Moreover, public pension account holders are paid on the 15th, and today is the first occasion of the deductions under the new Insurance System. The opposition hopes to make this a bigger problem than it is by connecting it in the minds of the public with the public pension accounts scandal. Over the next couple of weeks, we’ll see how successful they are. I suspect that Mr. Masuzoe will escape any serious consequences. It will generate some negative coverage for the Fukuda administration if the media goes around quizzing the recipients, but I doubt that it will translate to a plus for the DPJ, or any part of the opposition for that matter, except perhaps the Communists

Having said that, I’ll have to alter my assessment of the political impact slightly, now that we’re seeing some serious coverage. I don’t see the deduction issue having a serious impact, but more broadly, the rollout reports feed into the now-familiar incompetence issue adding to the image of a bumbling, indecisive administration. However, that’s an already well-established trope, and these latest troubles are a temporary blip compared to the other far more serious problems of the coalition and more specifically the Fukuda administration.
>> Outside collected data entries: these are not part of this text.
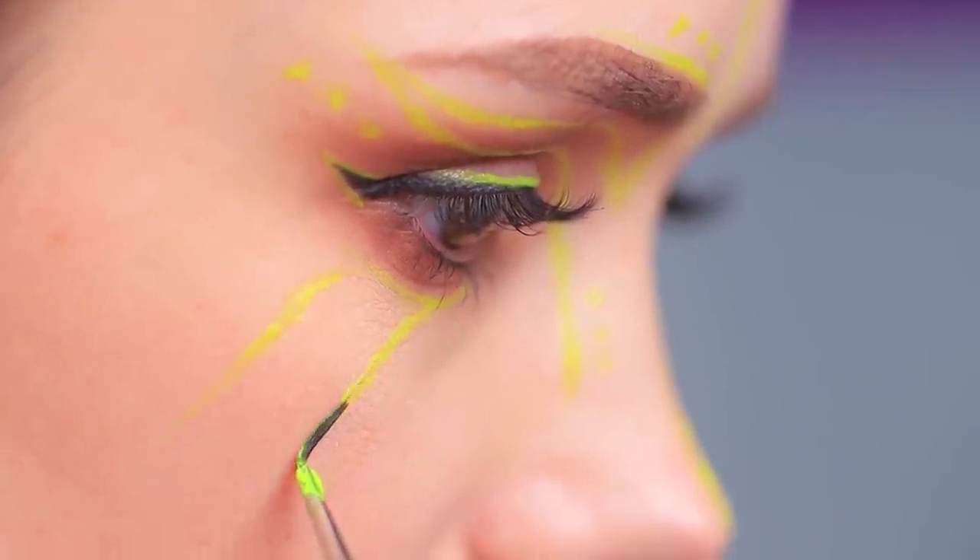Line your eyebrows, eyes, nose, and lips! And now let's check out our neon glow — turn on a UV lamp! Wow, we are radiant!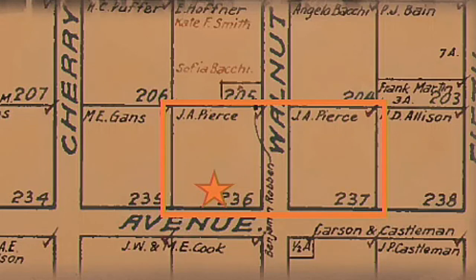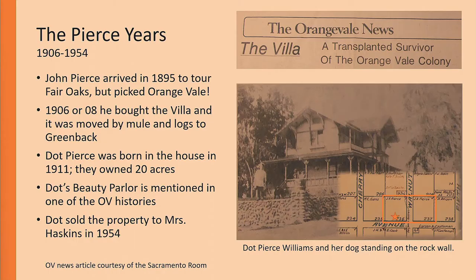There was a mention of Dot's Beauty Parlor. The Orangevale Water Company had a history document that mentioned Dot's Beauty Parlor in the villa, which tells us that history was written pre-1954 since Dot only owned the villa until 1954. Dot Pierce was born there in 1911. In 1954, Dot sold the property to Mrs. Haskins, who was talking about moving in, improving it, and maybe making a history museum or a history room out of it — but that never actually happened.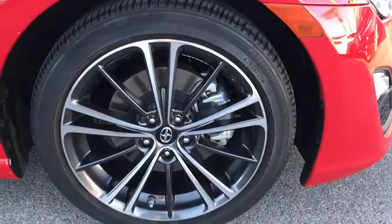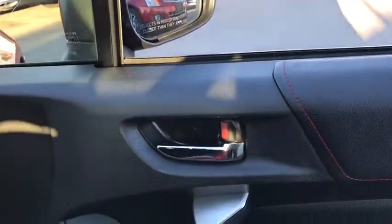Traction control, keyless entry, stability control, anti-lock braking system, backup camera, leather-wrapped steering wheel, Bluetooth, power steering, adjustable steering wheel, cruise control, floor mats.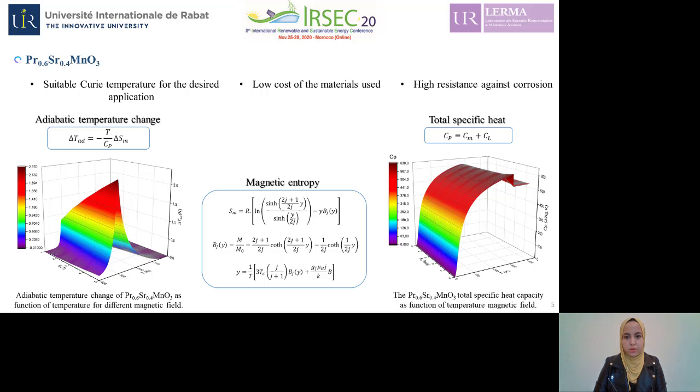Before the simulation of this oxide in the Ericsson cycle, the theoretical prediction of the magnetocaloric properties is very important. Using the molecular mean field theory and the thermodynamic laws, the adiabatic temperature change and the total heat capacity are calculated as a function of temperature and the applied magnetic field. As you can see in this figure, under a magnetic field of one tesla, this oxide represents an adiabatic temperature variation of 0.8 Kelvin.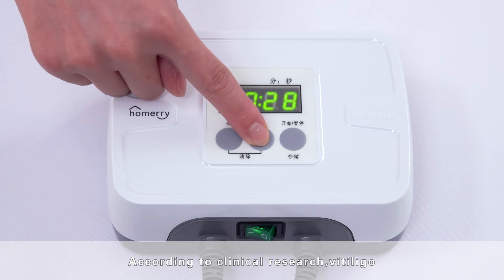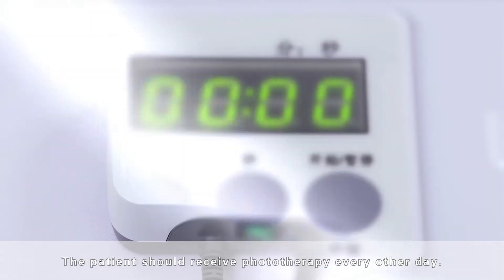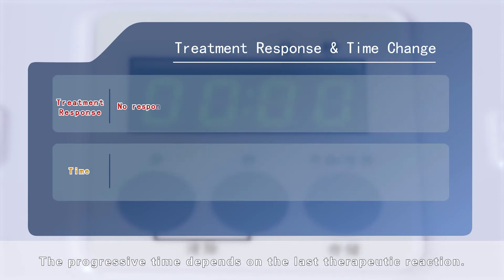According to clinical research, the Illigo psoriasis patient's first irradiation time is 30 seconds. The patient should receive phototherapy every other day. The progressive time depends on the last therapeutic reaction.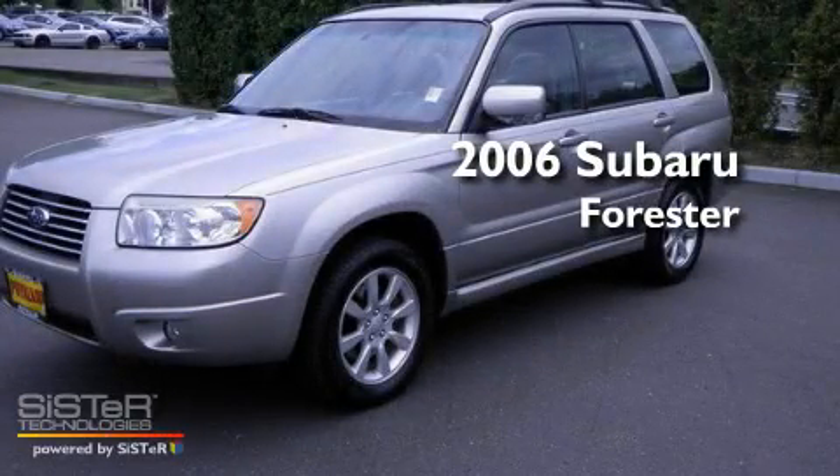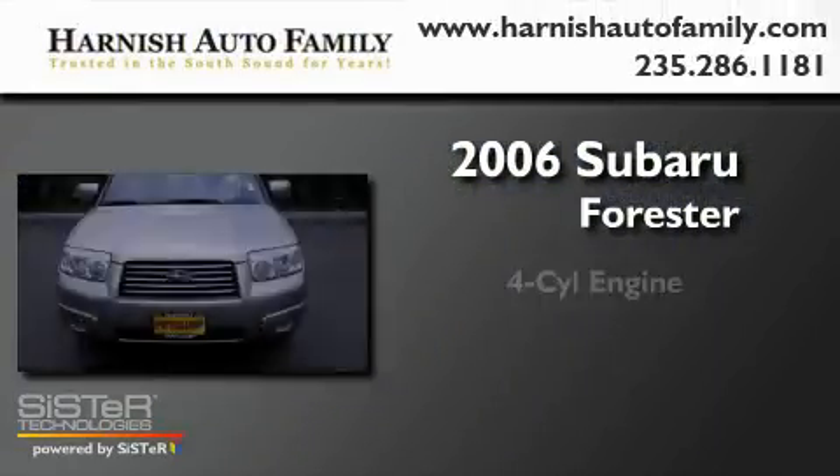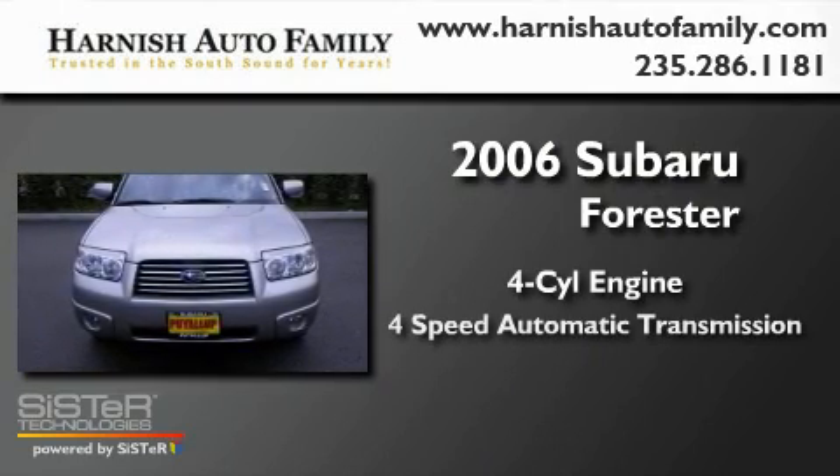This is a 2006 Subaru Forester. It has a four-cylinder engine, a four-speed automatic transmission, and four-wheel drive.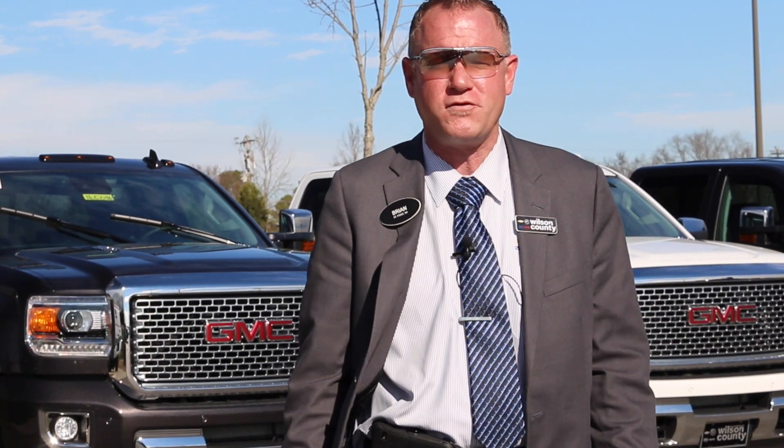Hello, everybody. Welcome to Wilson County Chevrolet Buick GMC of Lebanon, Tennessee. My name is Brian Grizz. We're just off Interstate I-40, just minutes from Nashville, Tennessee.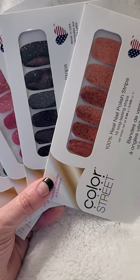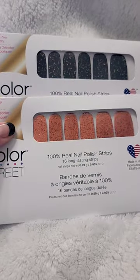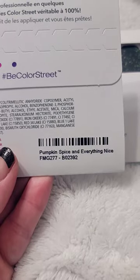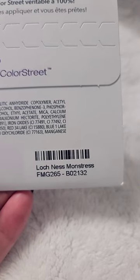I want to show you some fall and winter Color Street sets that just came in the mail. These two are kind of fall slash Halloween. The orange one is called Pumpkin Spice and Everything Nice, and the black glitter is called Loch Ness Monstrous.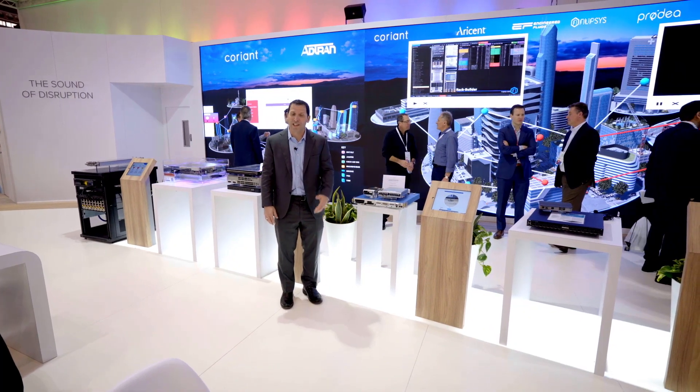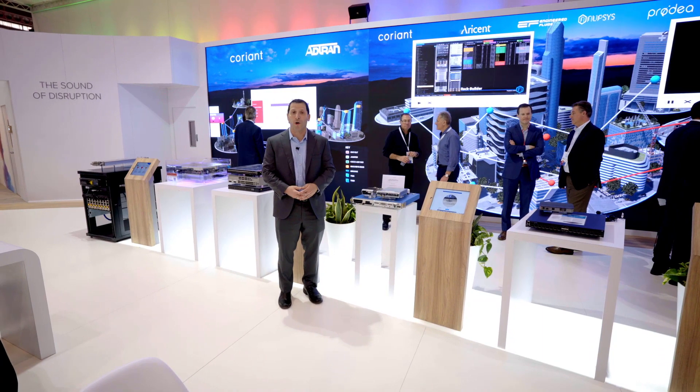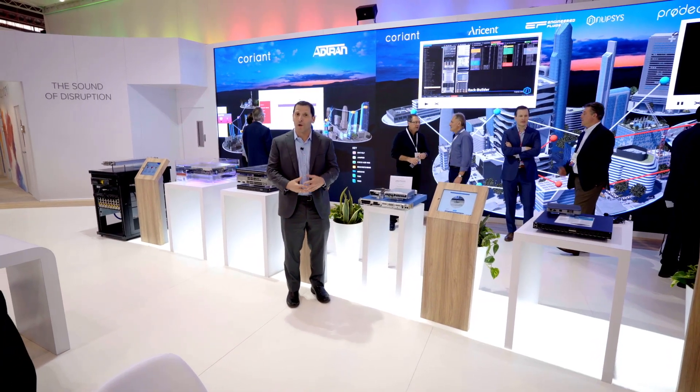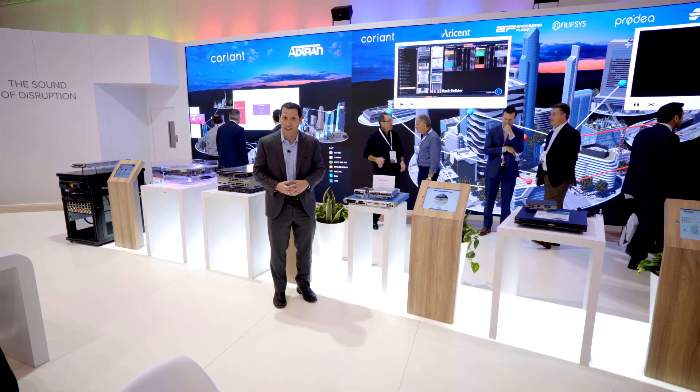Hi, I'm Rob Shore from Coriant, and I want to take a minute to talk to you about some of the innovative and visionary things that Coriant has been developing. Coriant, over the last couple of years, has been really focused on open, disaggregated networking solutions.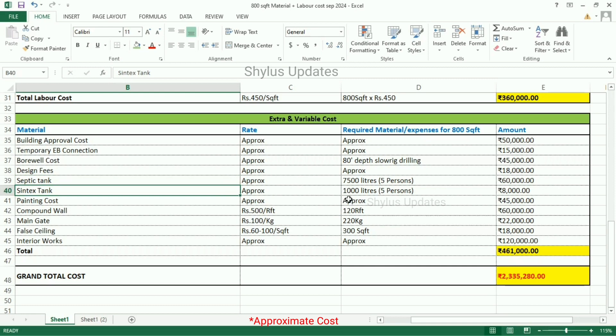Syntax tank — 1,000 litres, enough for a family of 5 persons — the total amount is Rs. 8,000. Painting cost is Rs. 45,000. Compound wall — Rs. 500 per running feet — for 120 running feet, the total amount is Rs. 60,000. Main gate — Rs. 100 per kg — for 220 kg, the total amount is Rs. 22,000. Fall ceiling — Rs. 60 to 100 per square feet — for 300 square feet, the total amount is Rs. 18,000. Interior works — Rs. 1,20,000. Therefore, the total extra and variable cost would be Rs. 4,61,000. The grand total cost for an 800 square feet house is Rs. 23,35,280.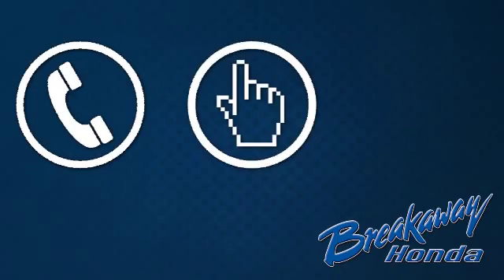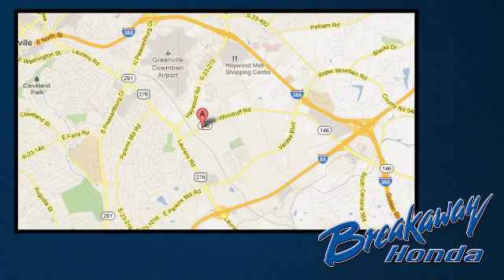Call, click, or stop in today. We're conveniently located at 330 Woodruff Road in Greenville, South Carolina.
* I believe that at least part of the reason for this is that the subject is too complicated to digest without help from the authorities (this leaves you vulnerable to spin) and the facts of the rollout are too diffuse to capture without some serious digging (this means that management must decide whether it’s worthwhile to send reporters out there beyond their regular beats and kasha clubs).

The Yomiuri appeared to have been going particularly lightly (though it did begin hitting in earnest over the weekend), which some observers may attribute to its pro-government stance. Note that Sankei, although more conservative in some respects than the Yomiuri, always hits hard at incompetence and corruption in government and more generally the public sector, as well as at any backsliding from and during attempts at reform. However, for me, the evidence is too circumstantial to say anything more definitive. DPJ advocates will be less unsure.